--- DATASET ENTRIES ---

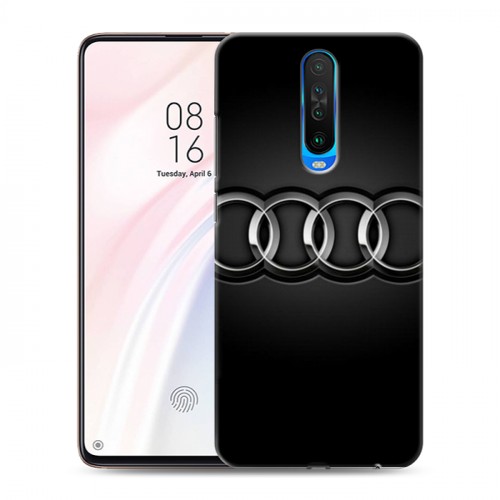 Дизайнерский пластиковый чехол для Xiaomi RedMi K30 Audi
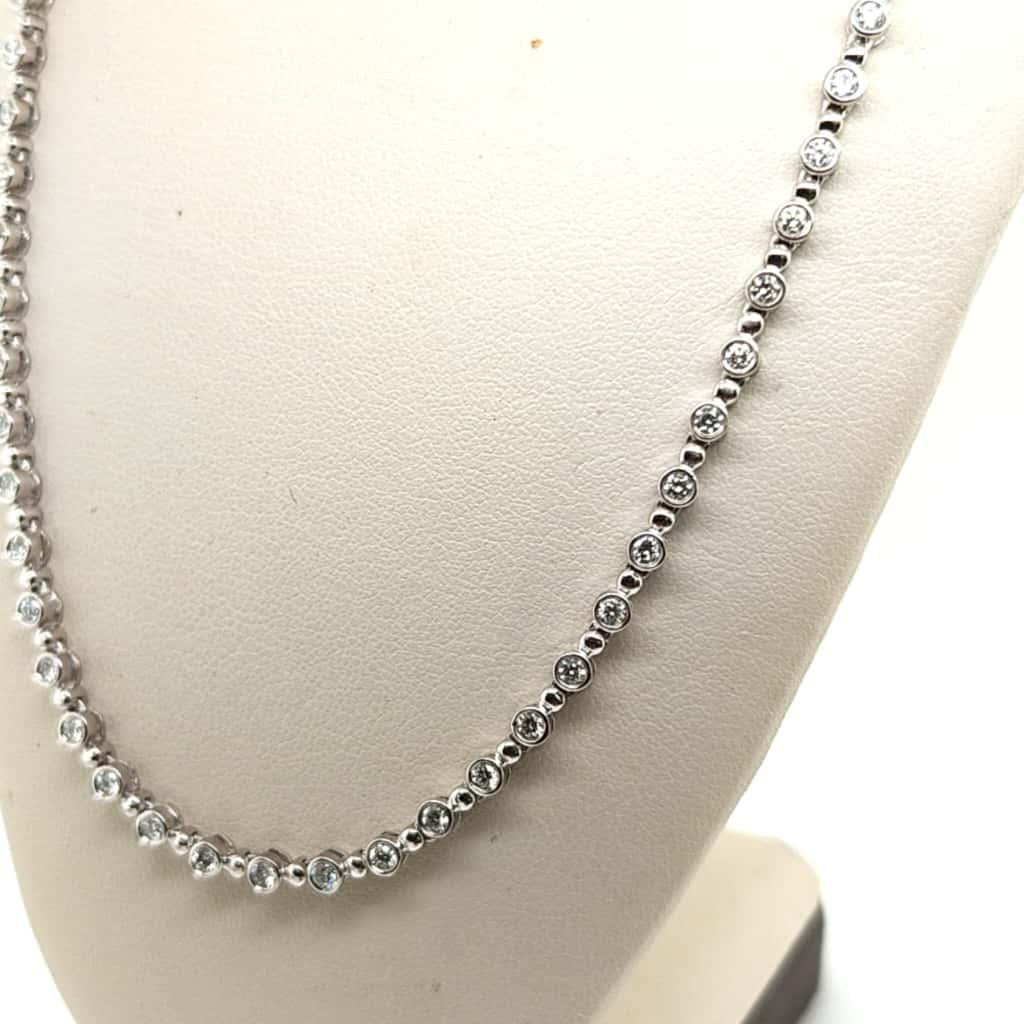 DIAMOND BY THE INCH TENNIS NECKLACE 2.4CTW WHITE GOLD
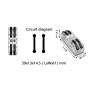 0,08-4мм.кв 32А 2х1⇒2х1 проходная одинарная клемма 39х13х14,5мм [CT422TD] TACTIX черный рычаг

---
--- DATASET ENTRIES ---

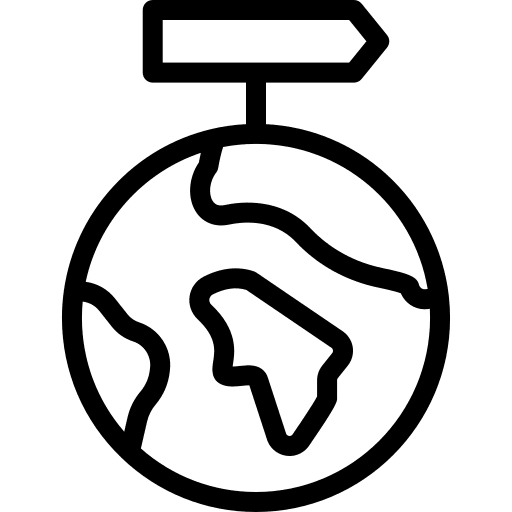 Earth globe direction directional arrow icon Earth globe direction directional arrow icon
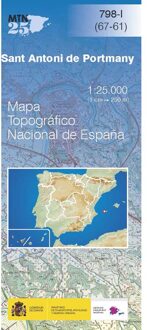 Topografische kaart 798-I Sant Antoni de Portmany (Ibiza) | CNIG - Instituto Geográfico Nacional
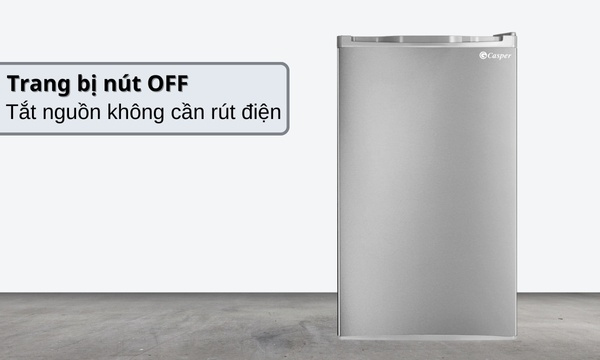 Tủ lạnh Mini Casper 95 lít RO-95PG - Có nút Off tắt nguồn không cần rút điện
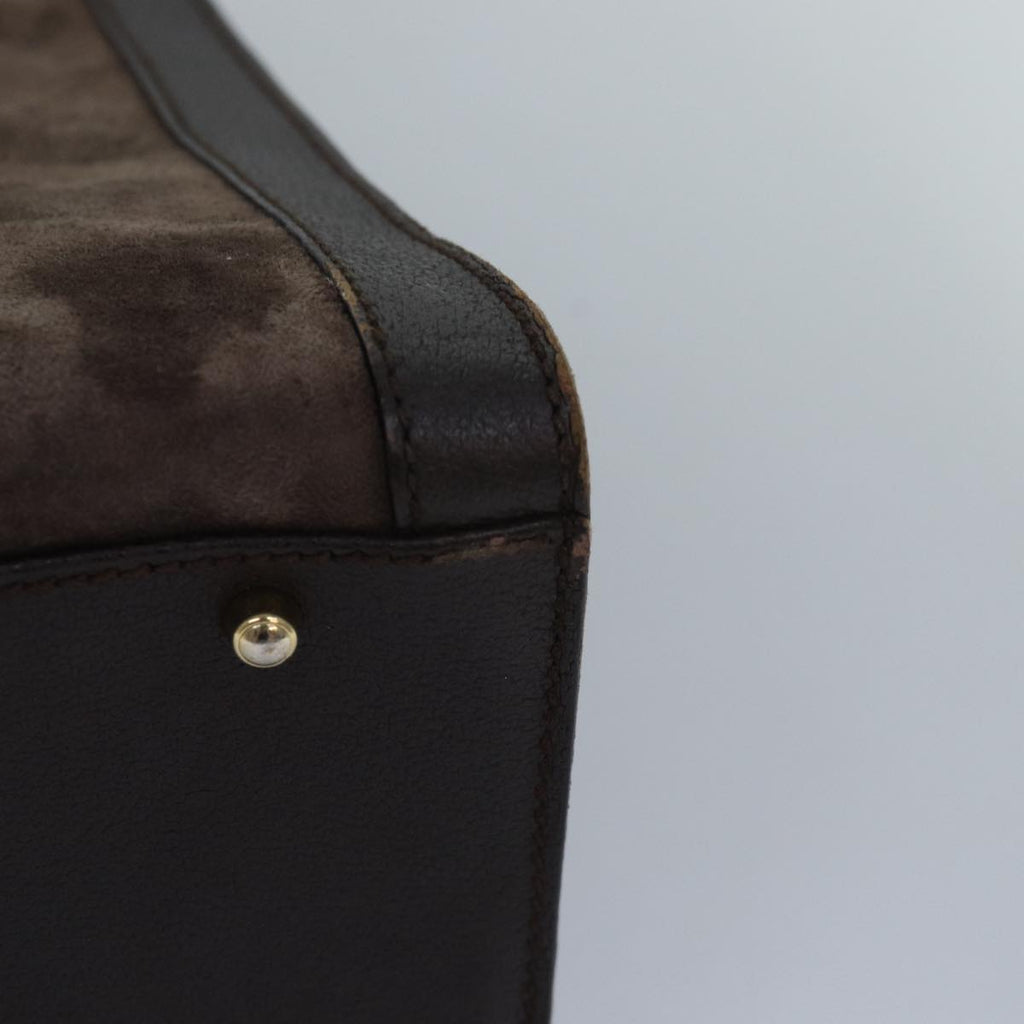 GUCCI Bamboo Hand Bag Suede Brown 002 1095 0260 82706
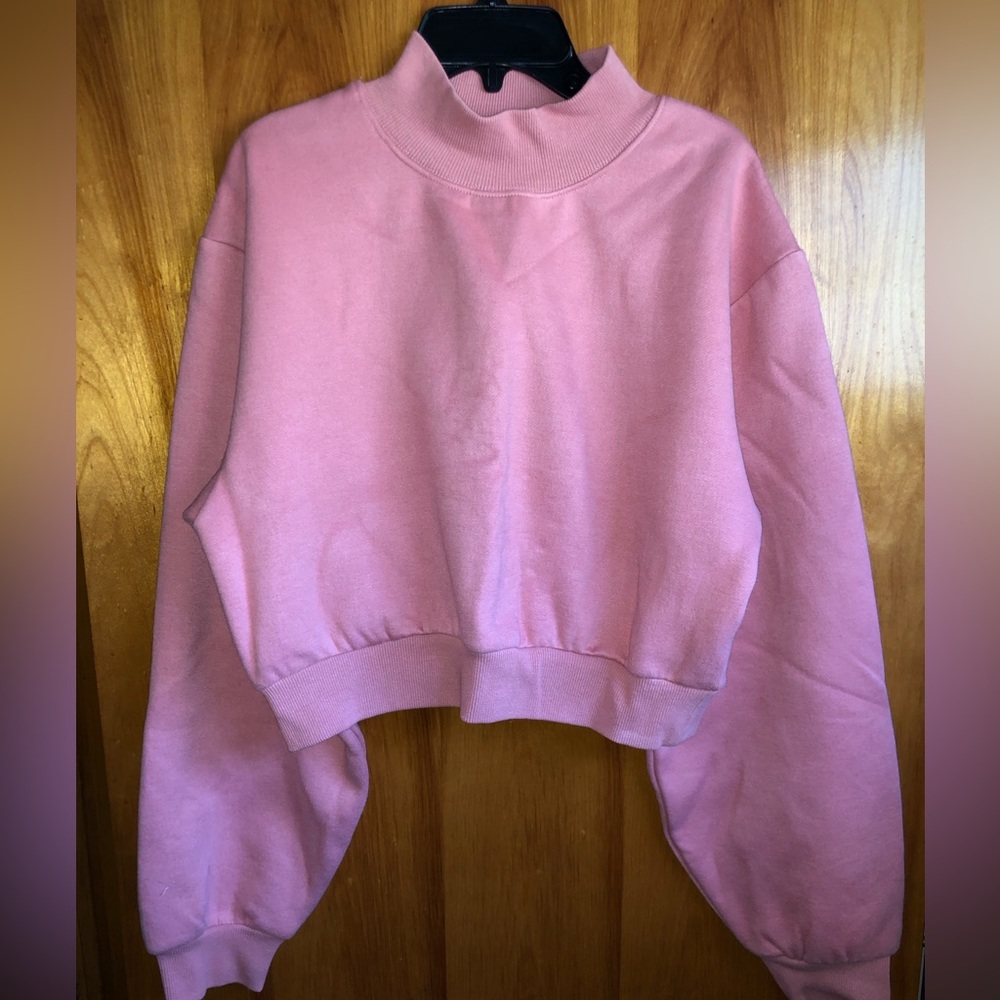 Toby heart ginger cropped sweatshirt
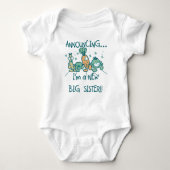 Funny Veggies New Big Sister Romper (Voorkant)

---
--- DATASET ENTRIES ---

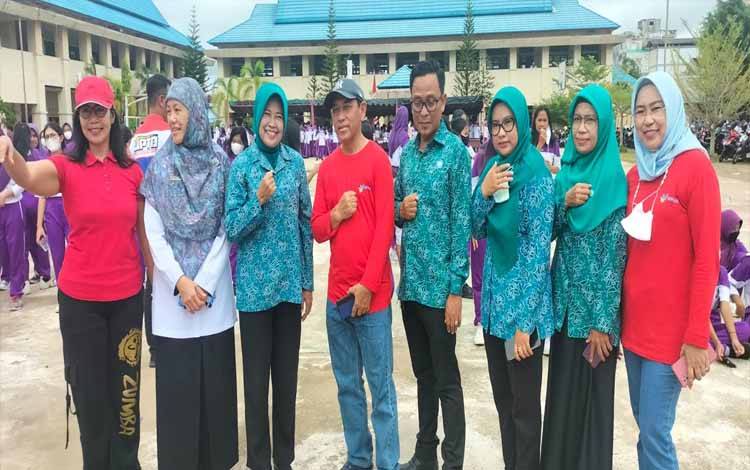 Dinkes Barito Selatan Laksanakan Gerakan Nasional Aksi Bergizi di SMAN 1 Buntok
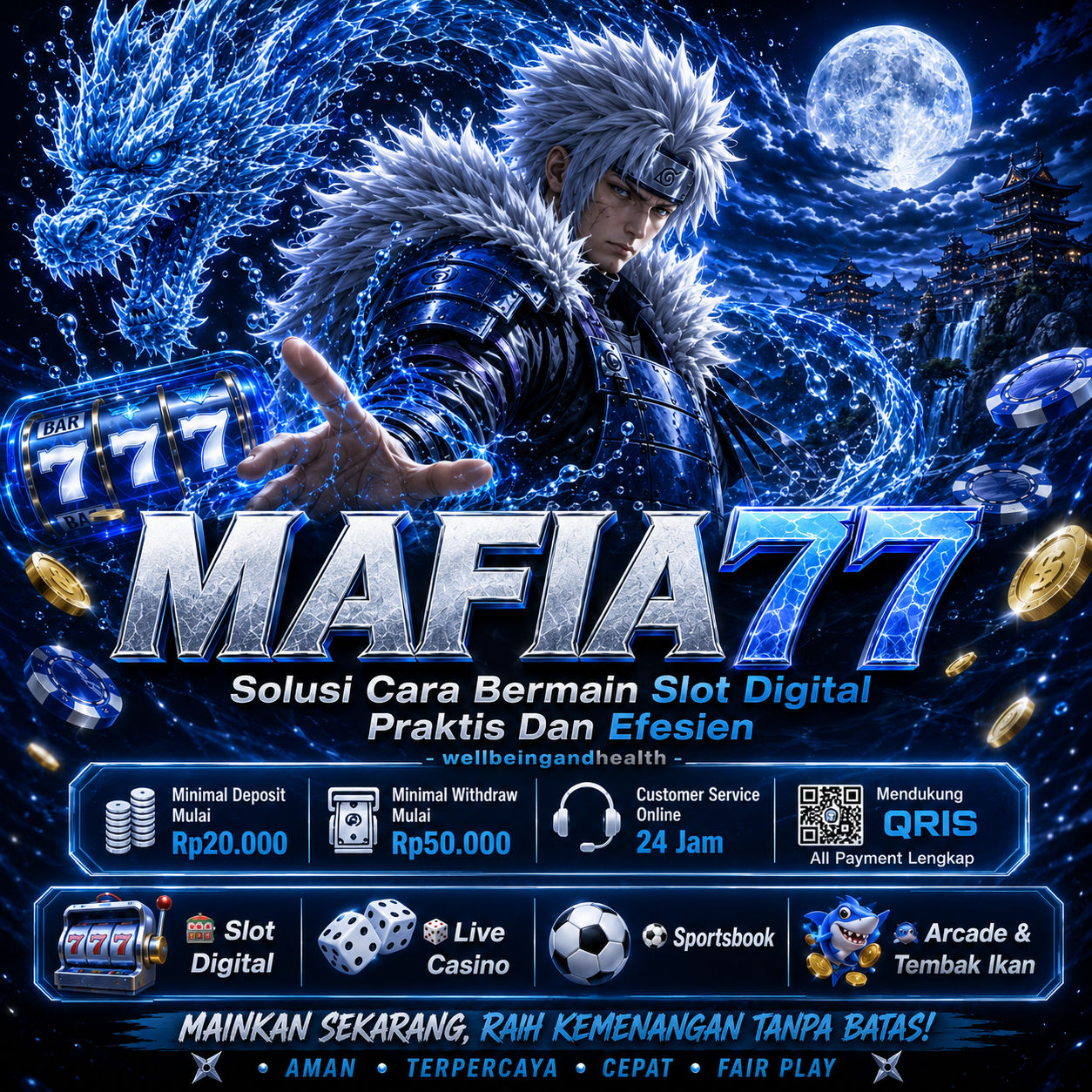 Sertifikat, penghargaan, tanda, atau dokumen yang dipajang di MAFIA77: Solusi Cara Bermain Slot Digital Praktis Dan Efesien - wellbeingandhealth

---

▸ **THE PROBLEM**: From the line containing "DIAMOND BY THE" through the line containing "0,08-4мм.кв 32А 2х1⇒2х1", copy every line above exactly, without pictures.

▸ **TASK OUTPUT**:
 DIAMOND BY THE INCH TENNIS NECKLACE 2.4CTW WHITE GOLD
 0,08-4мм.кв 32А 2х1⇒2х1 проходная одинарная клемма 39х13х14,5мм [CT422TD] TACTIX черный рычаг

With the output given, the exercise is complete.